[[ EXERCISE MATERIALS open ]]
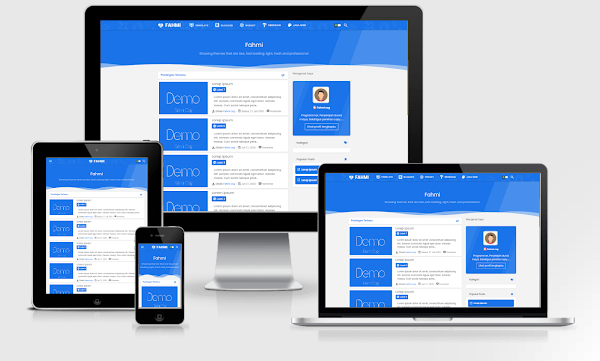 Ftheme Responsive Blogger Template
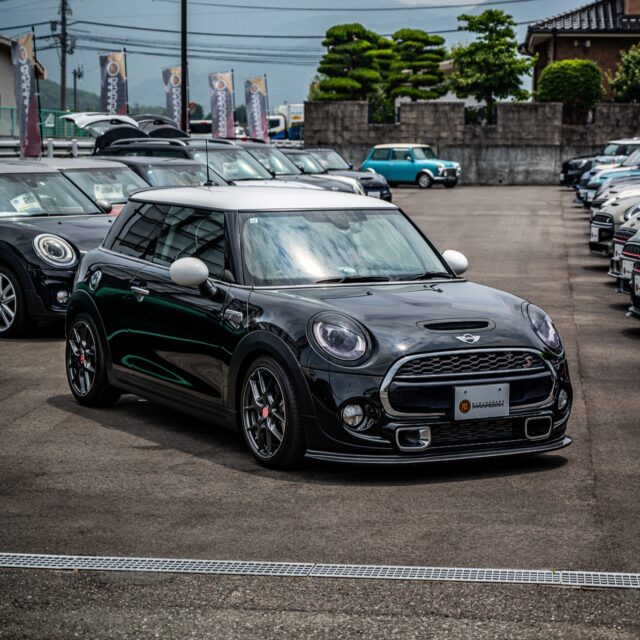 MINI GARAGE PARADOX | 山口県のミニクーパー専門店【中古車販売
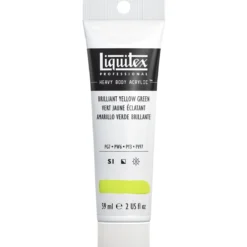 Liquitex Heavy Body akrylmaling 59 ml – 840 Brilliant yellow green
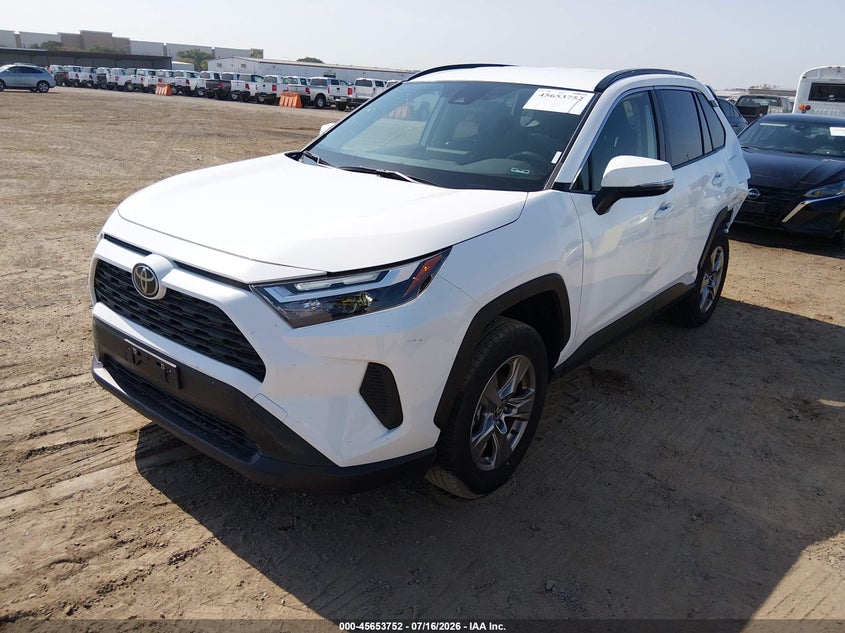 2025 TOYOTA RAV4 HYBRID auction photo 2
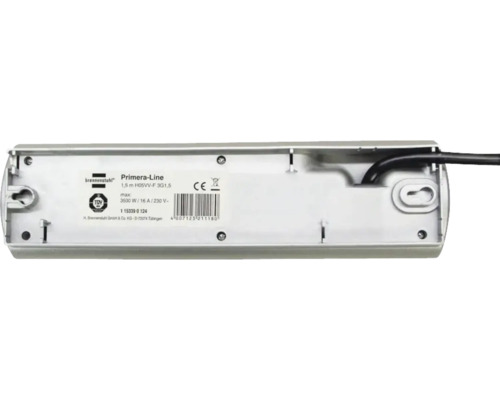 Brennenstuhl Primera-Line stekkerdoos, achterkant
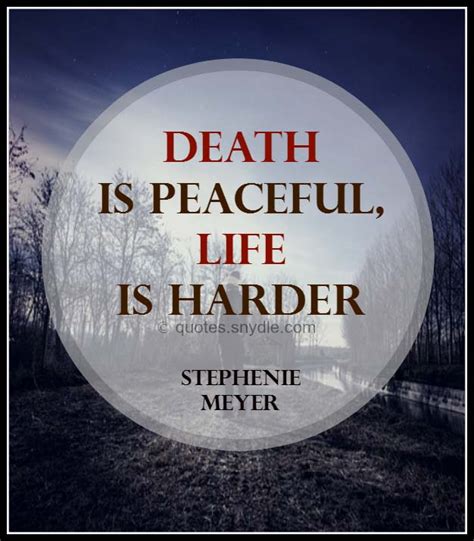 Quotes about Death with Image – Quotes and Sayings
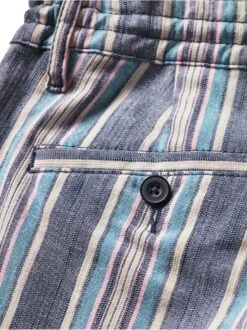 Wadenbetoner-Streifenshorts 21 Wadenbetoner-Streifenshorts -Bekleidungsverkauf Geschäft EC24 6232 DI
[[ EXERCISE MATERIALS closed ]]
TASK OBJECTIVE: When you copy the entries above, reproduce each line exactly and leave out any pictures.

RESPONSE:
 Ftheme Responsive Blogger Template
 MINI GARAGE PARADOX | 山口県のミニクーパー専門店【中古車販売
 Liquitex Heavy Body akrylmaling 59 ml – 840 Brilliant yellow green
 2025 TOYOTA RAV4 HYBRID auction photo 2
 Brennenstuhl Primera-Line stekkerdoos, achterkant
 Quotes about Death with Image – Quotes and Sayings
 Wadenbetoner-Streifenshorts 21 Wadenbetoner-Streifenshorts -Bekleidungsverkauf Geschäft EC24 6232 DI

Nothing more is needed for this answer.